OK, I know that treacle is the ultimate devil food, but how many people have noticed that a tin of Lyle's Golden Syrup has had a picture of a dead, rotting lion on the front of it your entire life?  Apparently, it's been there since 1885! 



Apparently it's a biblical reference!


----------



## Robin (Jun 21, 2018)

I remember seeing that as a child, and thinking it was a bit odd. It's all to do with Samson v the Philistines, apparently. ( Long before Delilah came on the scene)


----------



## Northerner (Jun 21, 2018)

I thought it was a spoof at first!  Never, ever noticed it before


----------



## Sally71 (Jun 21, 2018)

I knew it had a lion on it, never noticed it was dead though!  We get the squeezy bottles now, and the same picture is on there, although smaller.  How odd!


----------



## Robin (Jun 21, 2018)

Apparently Mr. Lyle was very religious. You'd have thought he'd have picked something a bit more cheerful, but I suppose the Bible is a bit short on sugar stories.


----------



## Northerner (Jun 21, 2018)

Robin said:


> Apparently Mr. Lyle was very religious. You'd have thought he'd have picked something a bit more cheerful, but I suppose the Bible is a bit short on sugar stories.

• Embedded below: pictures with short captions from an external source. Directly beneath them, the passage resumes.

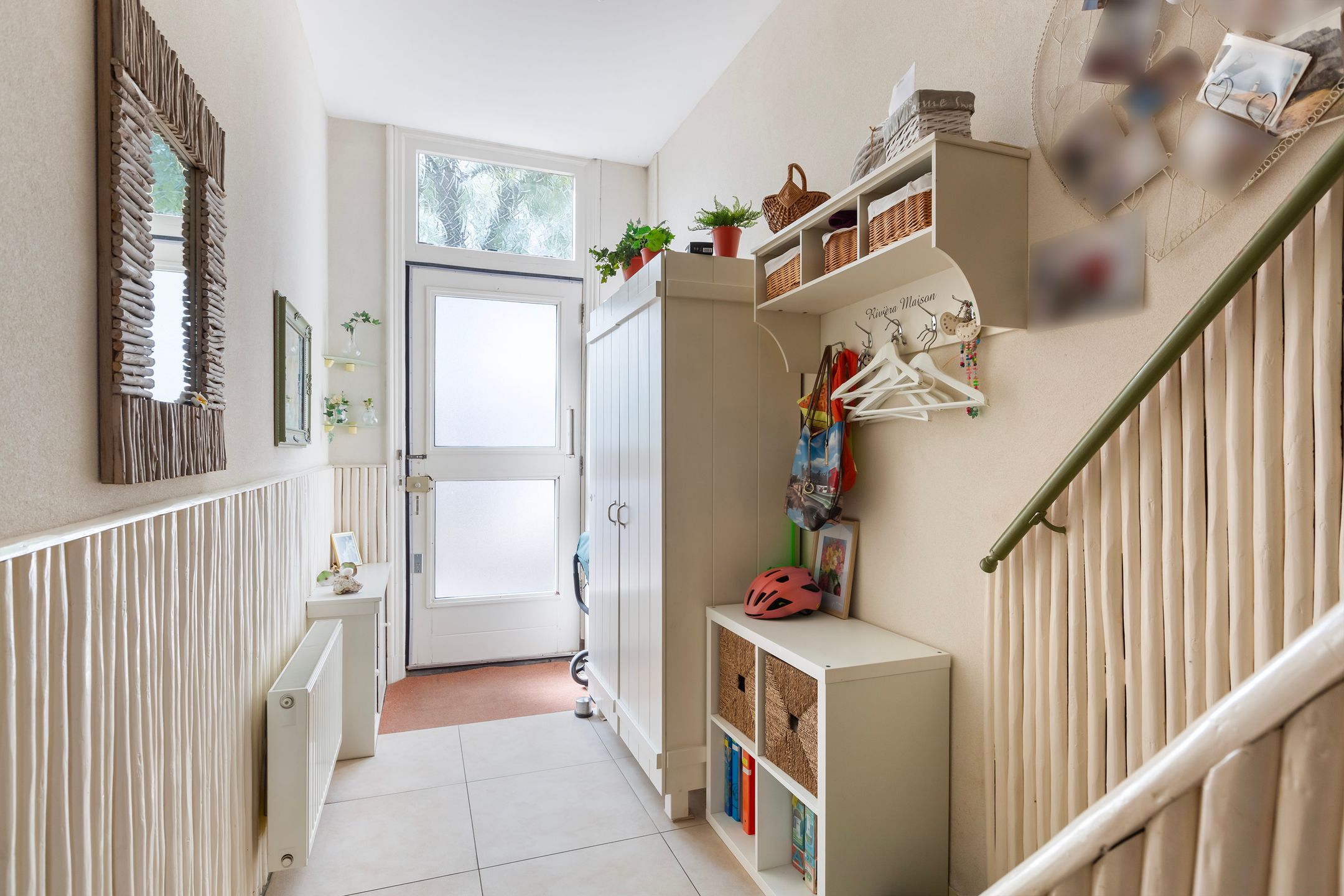 Foto 9 van Groen van Prinstererkade 5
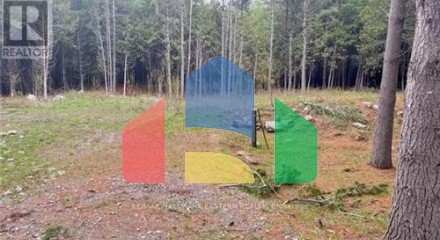 Residential - Vacant Land - Douro, Canada - Canada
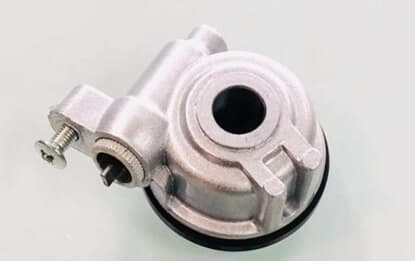 KM REDİKTÖRÜ CUP (16295)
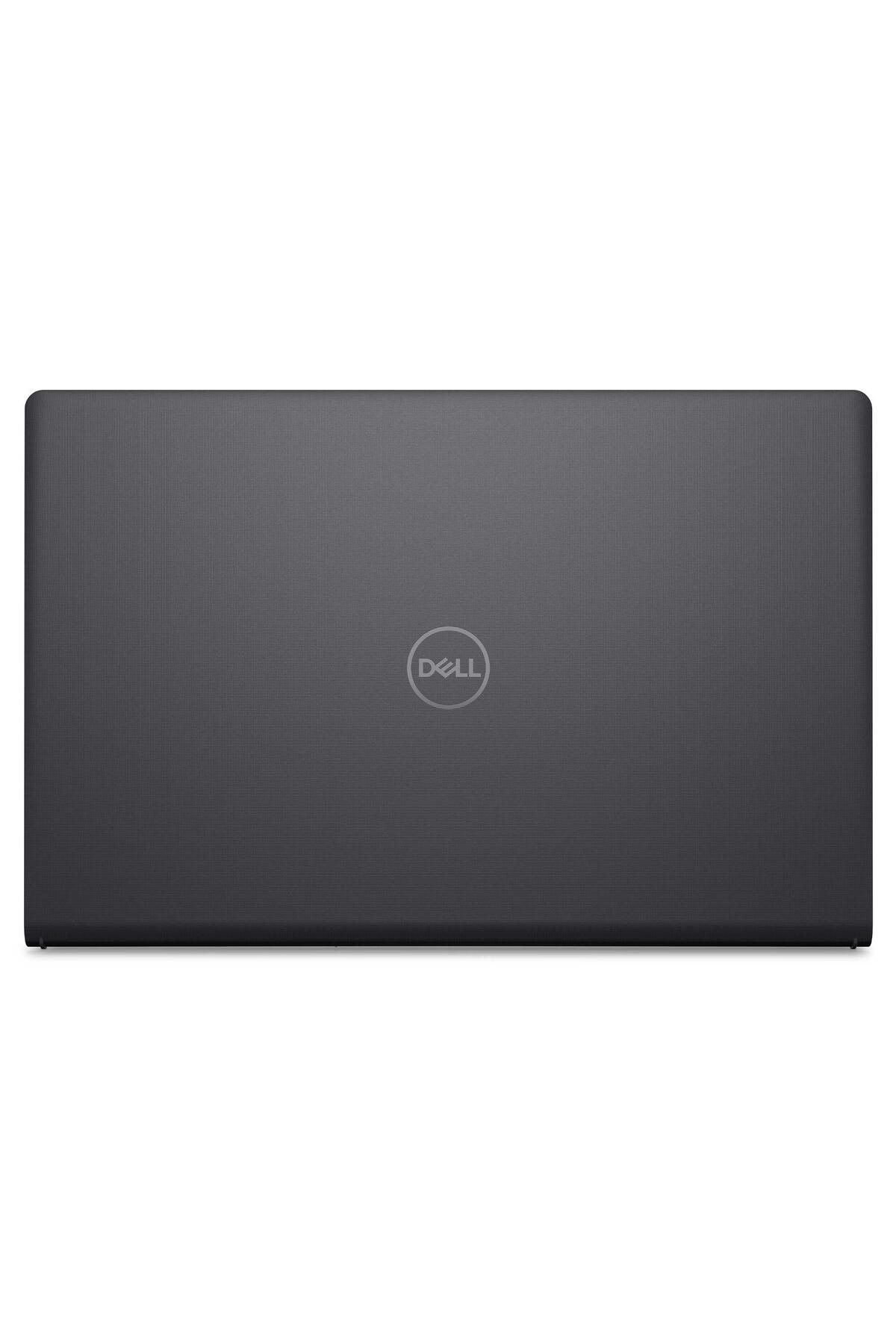 Vostro 3520 N1614PVNB3520U14 i3-1215U 16GB 1TBSSD 15.6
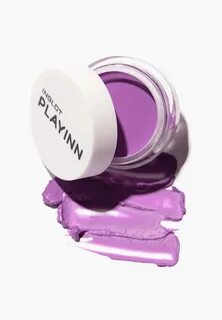 Inglot подводка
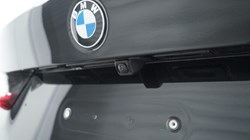 BMW 3 SERIES M340i xDrive MHT 4dr Step Auto 3383691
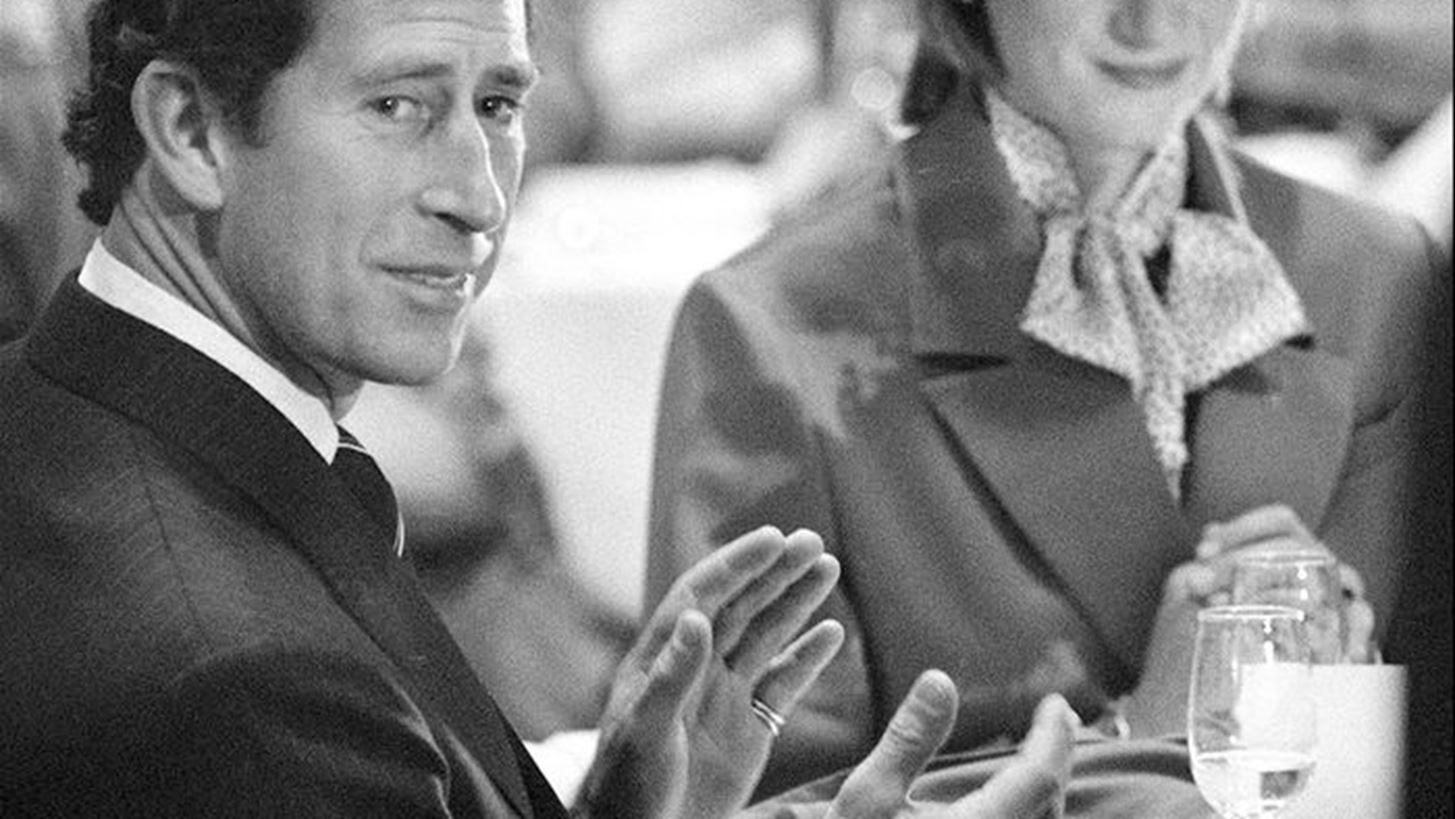 &#x39F; &#x3B3;&#x3AC;&#x3BC;&#x3BF;&#x3C2; &#x3C4;&#x3B7;&#x3C2; Diana &#x3BC;&#x3B5; &#x3C4;&#x3BF;&#x3BD; &#x3C0;&#x3C1;&#x3AF;&#x3B3;&#x3BA;&#x3B9;&#x3C0;&#x3B1; &#x39A;&#x3AC;&#x3C1;&#x3BF;&#x3BB;&#x3BF; &#x3C3;&#x3C4;&#x3B7; &#x3B4;&#x3B5;&#x3CD;&#x3C4;&#x3B5;&#x3C1;&#x3B7; &#x3C3;&#x3B5;&#x3B6;&#x3CC;&#x3BD; &#x3C4;&#x3B7;&#x3C2; &#x3C3;&#x3B5;&#x3B9;&#x3C1;&#x3AC;&#x3C2; Feud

Indeed. Jesus fed 5000 with 5 loaves and two fishes, that's pretty low carb per individual, plus some valuable omega-3


----------



## chaoticcar (Jun 21, 2018)

The reference is to (out of the strong comes forth sweetness ) 
   Carol


----------



## C&E Guy (Jun 21, 2018)

That's a sticky question!!


----------



## Lucy Honeychurch (Jun 21, 2018)

I miss golden syrup, haven't had it since DX. I didn't realise the lion was dead, I thought he was sleeping


----------